[WHAT THIS TASK INVOLVES]
Below is a listing with pictures in it. Copy it exactly without them.

[DATA SECTION]

══════════════════════════════

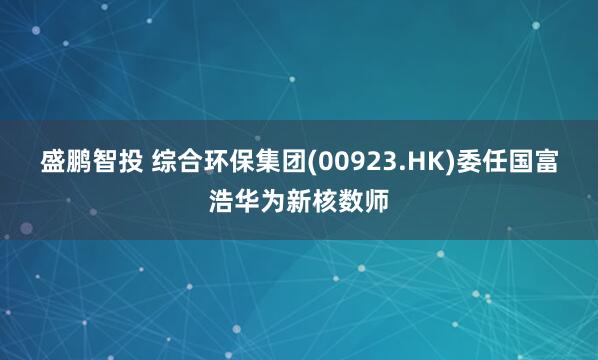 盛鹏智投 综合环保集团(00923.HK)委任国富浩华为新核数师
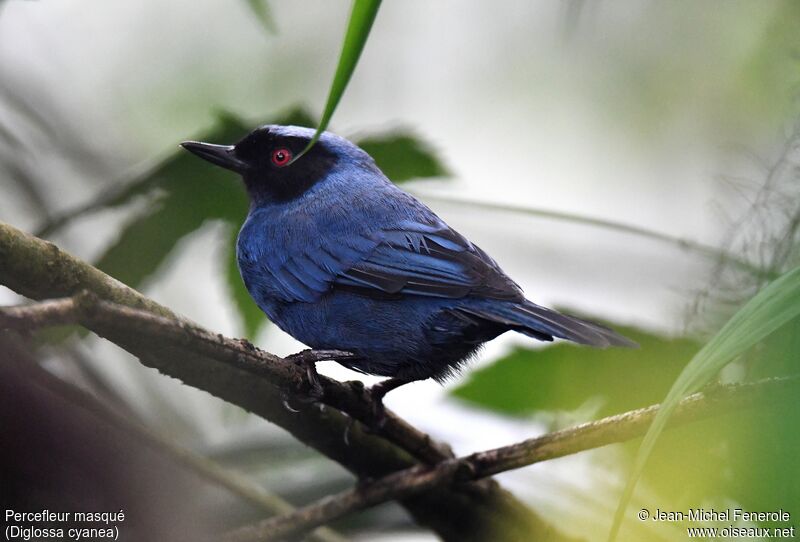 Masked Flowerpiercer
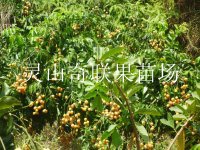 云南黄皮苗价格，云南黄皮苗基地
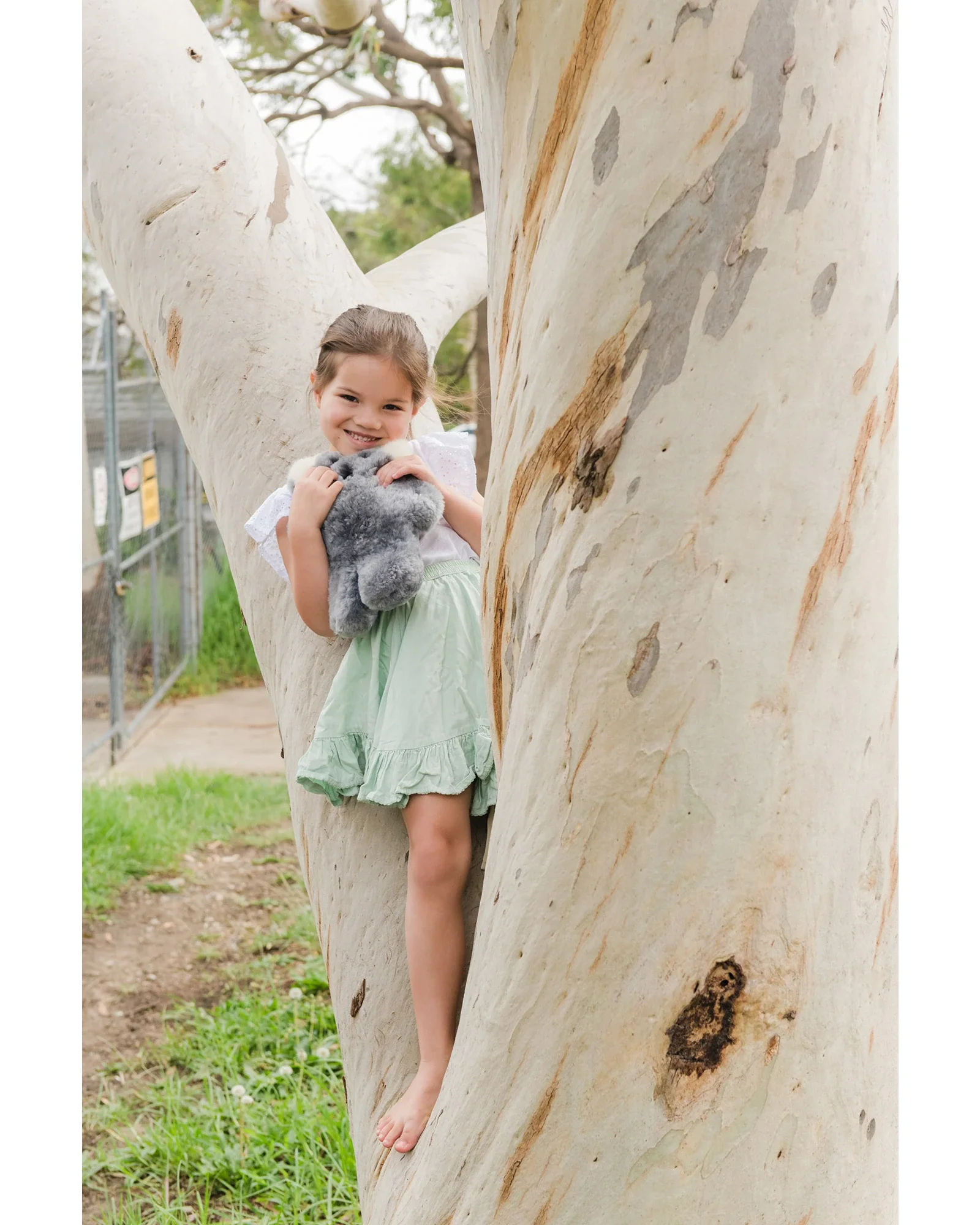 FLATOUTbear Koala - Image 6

══════════════════════════════

[ANSWER TO THIS EXERCISE]
 盛鹏智投 综合环保集团(00923.HK)委任国富浩华为新核数师
 Masked Flowerpiercer
 云南黄皮苗价格，云南黄皮苗基地
 FLATOUTbear Koala - Image 6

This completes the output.